The best thing about trying something new is that you learn from it. We want to follow in your footsteps and learn along with you, and we want to know that you are taking enough risks to learn something really interesting! Please use the below sections to describe what is working and what you plan to change for the second half of your project.

What are the challenges edit

What challenges or obstacles have you encountered? What will you do differently going forward? Please list these as short bullet points.

  • Finding suitable sync targets turned out to be more challenging than first anticipated. There are certain requirements such as the target has to be unambiguously identifiable, and we need to be able to find a complete list of data regarding the target from external sources.
  • Finding open source third-party data as external references for these sync targets made this task even more challenging.
  • We were also hoping to obtain more feedback from the community by setting up a News section, volunteer signup option and email, but so far the turnout is not as good as we would like it to be. We hope that engagement increases once we leave prototype status.
  • The complexity of the Wiki-verse made us look into how Wikidata and Wikipedia operate and interact in more detail.

What is working well edit

What have you found works best so far? To help spread successful strategies so that they can be of use to others in the movement, rather than writing lots of text here, we'd like you to share your finding in the form of a link to a learning pattern.

Next steps and opportunities edit

What are the next steps and opportunities you’ll be focusing on for the second half of your project? Please list these as short bullet points.

  • extend list of sync targets to 10
  • use sync target properties to evaluate and clean mappings
  • integrate all third-party data and references linked to sync targets into GFS data browser
  • finding a suitable way to estimate the accuracy of the data coming from a certain source and integrating that measure into the GFS data browser
  • improve the GFS data browser following the principles of agile software development

Grantee reflection edit

We’d love to hear any thoughts you have on how the experience of being an grantee has been so far. What is one thing that surprised you, or that you particularly enjoyed from the past 3 months?

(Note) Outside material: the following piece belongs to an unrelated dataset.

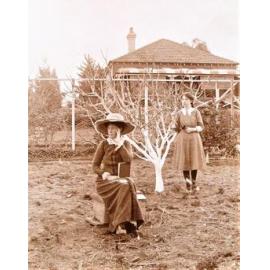 Annie and Elinor Wray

We enjoyed coming together as a team to work on the GlobalFactSync project and to gain deeper insight into how Wikidata and Wikipedia work. There are challenges in integrating all the data from these various sources (Wiki-verse and third-party data) into one data browser, but it is a great learning experience.

We especially value the feedback we received as it helps us shape the project better and gave us clear expectations to meet for the second half.